Here on the Tom’s Guide fitness desk, we love nothing more than throwing ourselves into intense week-long workout challenges — from trying a 7-minute pillar bridge plank every day to doing the 12-3-30 treadmill workout every day for a month. Yet all these workouts can take their toll. In an attempt to chill things out while recovering from tightness in my back, I tried this thread-the-needle exercise every day for a week, and it really helped.
Read on to find out more about the thread-the-needle exercise, including how to do it and what the benefits are.
What is the thread-the-needle exercise?
The thread-the-needle exercise is actually a deep stretch that targets the shoulders, chest, neck, and upper back. It allows for a light twist in the spine and can help relieve tension.
If you spend a lot of time sitting down behind your desk, or you play sports and don’t stretch an awful lot, you’ll probably have stiffness in your upper back and shoulders. This thread-the-needle stretch is one of the best ways to relieve it, and you won’t need to fork out on an expensive massage gun. (Though if you do want one, check out the best massage guns for recovery here.). Best of all, the thread-the-needle exercise only requires your body weight.
As well as being used as a stretch to relieve tension, the thread-the-needle stretch is also a great way to warm up for an upper-body workout. If you’re doing exercises like barbell presses or kettlebell swings, doing this move beforehand can help get your muscles warmed up before you add weight, reducing your risk of injury.
How to do the thread-the-needle stretch
Ready to get started? Here’s how to do the thread-the-needle stretch:
- You’ll want to use one of the best yoga mats for this one, or a softer surface to offer some comfort from the floor.
- Start on all fours in a tabletop position — make sure your knees are stacked underneath your hips, and your wrists are underneath your shoulders.
- Lift your right hand up to the ceiling, razing your gaze to the ceiling with it. Then, thread your right hand underneath your left arm, sinking down into the stretch, allowing your chest to reach down to the floor.
- Push your hips back, and keep pressing down with your left hand to avoid putting too much pressure on your neck.
- Hold the position for a few seconds, to a few minutes — as long as feels comfortable.
- To get out of the stretch, press your left hand down into the floor, and unthread your right arm, reversing the move and lifting your arm back to the sky, before lowering it back to your starting position.
- Repeat on the other side.
I did this exercise for a week — and it dramatically helped my back pain
So, what would happen if I added this simple exercise to my daily routine for a week? In a word, it was a game-changer. Here’s what I learned along the way:
The secret is moving slowly
It’s important to think of this one as a stretch, not an exercise designed to get your heart rate up. Even if you do the exercise as a dynamic warm-up, it’s important to move slowly, and with control. Moving too quickly means you might not achieve a deep stretch, or you might push yourself into a deep stretch too quickly and risk injury.

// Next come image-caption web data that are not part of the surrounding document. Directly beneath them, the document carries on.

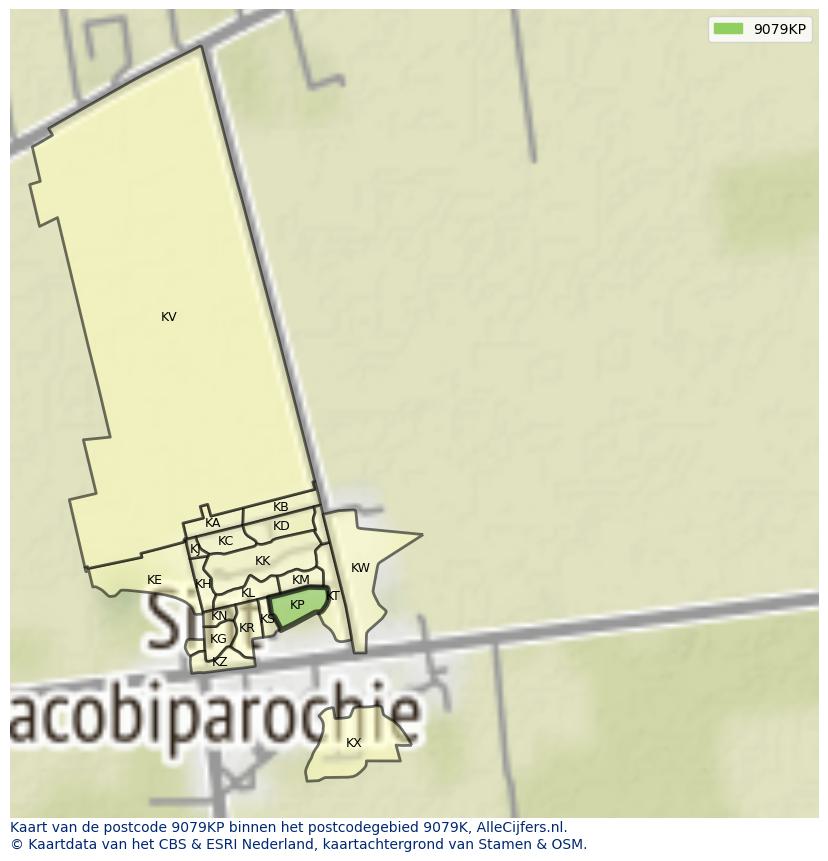 Afbeelding van het postcodegebied 9079 KP op de kaart.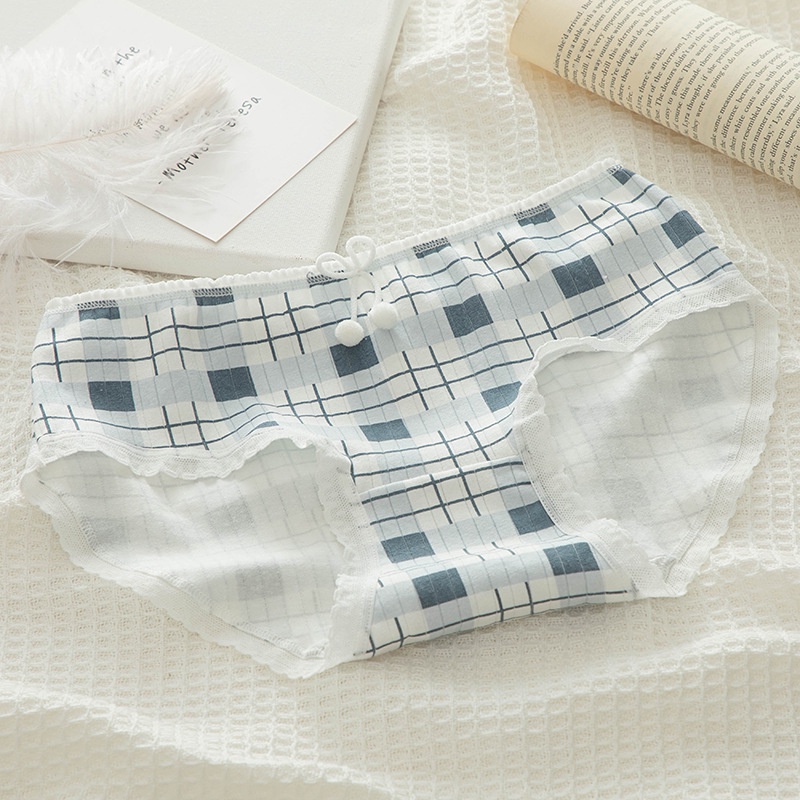 Quần Lót Nữ Cao Cấp Cotton Kháng Khuẩn Nâng Mông Thông Hơi Hoạ Tiết Sọc Xanh TOPBRA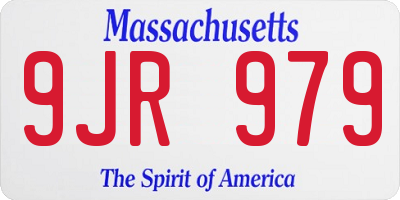 MA license plate 9JR979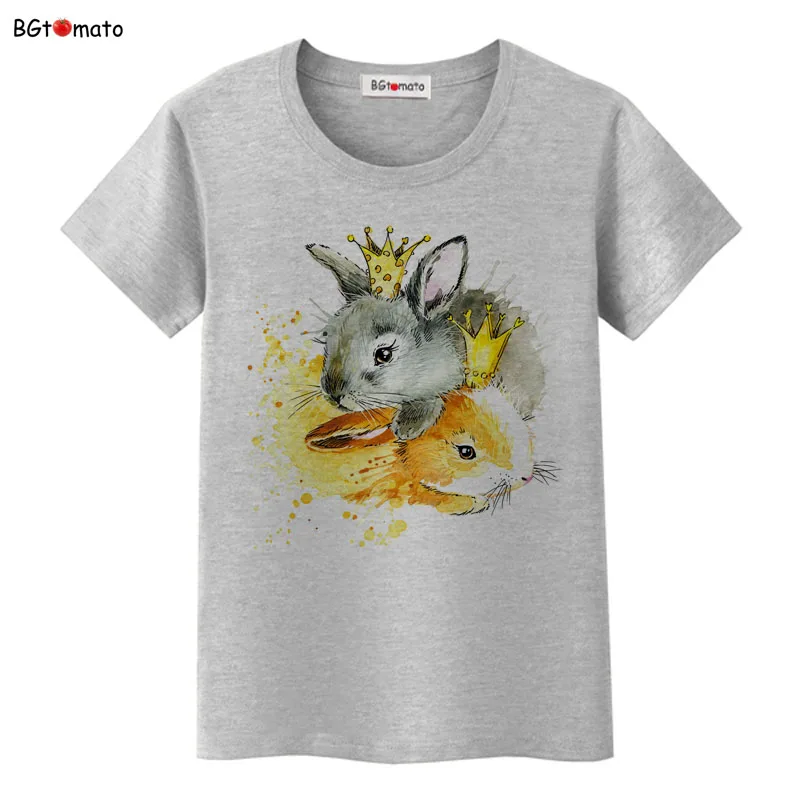 

BGtomato Women Fruit Print Rabbit In The Crown Summer T-shirt O-neck Casual Short Sleeve Tee Tops Female Tshirt Woman Clothes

I started off by doing 30 seconds of thread-the-needle on each side. On other days, particularly after days where I hadn’t used my standing desk or had lifted weights in the gym, I’d extend this to a minute on each side. How long you hold the move depends on what feels good. As a warm-up before heading out for a run, I moved in and out of the stretch ten times, but still ensured I held the stretch part of the movement for a few seconds.
Be careful not to hold your breath
Like a yoga or Pilates class, following your breath during this exercise is important. Try and think about breathing in as you raise your arm to the ceiling, then breathing out as you lower into the stretch. Once you’re there, take some deep, slow breaths. Just make sure that you’re not holding your breath as your stretch.
Form is important
Halfway through the week, I performed the thread-the-needle stretch in front of the mirror as part of a warm-up and then a cool-down in the gym. I noticed I wasn’t sinking my hips back enough during the stretch. Almost like a child’s pose, your hips should sink back as you thread the arm underneath your body, to avoid putting too much pressure on your neck.
A week later, my shoulders felt less tense
Like many of us, I often suffer from tightness in my back, especially on days when I’ve spent too much time hunched over my laptop or iPhone. As a runner, having good posture is important to me — keeping my torso upright on the run can help me run faster, and more efficiently.
After a week of adding this stretch to my daily routine, my shoulders, neck, and upper back felt a lot more relaxed, and this is definitely something I’ll be using in my warm-ups going forward. Get up from your desk and give it a try — you’ll thank me later.